As tensions in Ferguson, Missouri, have bubbled, one official after another has taken the lead, grappling to figure out how to stop it from coming to a boil.

First, it was the police chief who took charge and stumbled. Then, the governor entered the picture and brought on a Ferguson son to head security. The feds have also stepped in, with Attorney General Eric Holder stopping by Wednesday to check up on their investigation.

Here's a look at the players who have shaped the city's response to the death of Michael Brown, an unarmed black teenager, at the hands of a white police officer.

WHO:

Ferguson Police Chief Thomas Jackson

What he did:

From the start the chief said his department -- which handed off the local investigation to St. Louis County -- would release information as it received it. It would be a slow process, he warned.

How it played out:

From the beginning the chief was slammed for just how slow that information came out.

The big one was the identity of the officer. It took six days before the name -- Darren Wilson -- was revealed. Cops said it was because he received death threats. Critics denounced the delay as a PR stumble that coincided with another one -- the release of a video that police said showed Brown robbing a store minutes before he was shot.

Critics lambasted the disclosure of the video as character assassination. The chief said he had to do it.

Jackson was also criticized for his department's response to the protests in the days immediately after Brown's death.

As the demonstrations grew more heated, police used on the crowd tear gas, pepper bullets and what looked like stun grenades. Some police rolled into action sitting on an armored personnel carrier.

How it was received:

"You're in trouble when your SWAT team is on the front line of dealing with a civil disturbance," said retired Lt. Gen.

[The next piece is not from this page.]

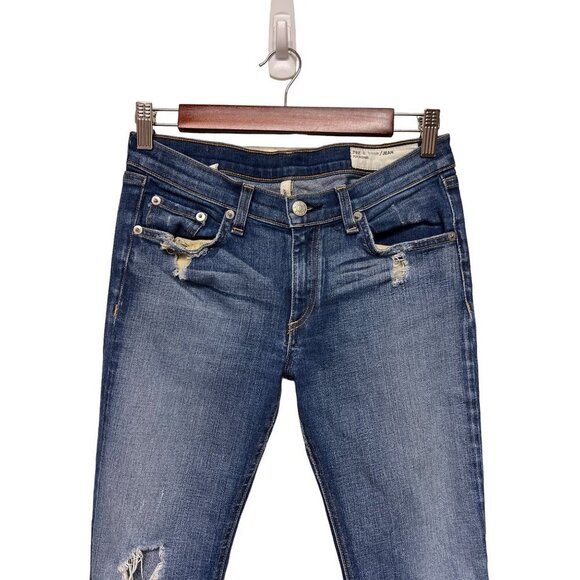 Rag & Bone Skinny Distressed Destroyed Denim Blue Jeans Women's Size 27 - Picture 3 of 13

Russell Honoré, a CNN analyst.

Jackson said police had to protect themselves and that some of the protesters were throwing fire bombs.

WHO:

Ferguson Mayor James Knowles

What he did:

The young mayor has tried to tell people unfamiliar with the town he has lived in his whole life that it's not the crucible of racial tensions it appears to be to those outside the city limits.

"I've lived here 35 years. There's always been a strong African-American presence," he told CNN. "We've never seen this kind of violence, never seen this kind of frustration or tension between the races."

How it played out:

The mayor has kept largely out of the spotlight, letting other officials take care of news conferences and major public appearances. Instead he's gone on one-on-one interviews and given updates on how his town reacted.

How it was received:

His low profile may be helping him to avert criticism over actions taken since Brown's shooting, but Knowles has been in the line of fire with other officials over the disproportionate number of white officers on the police force of his majority African-American town.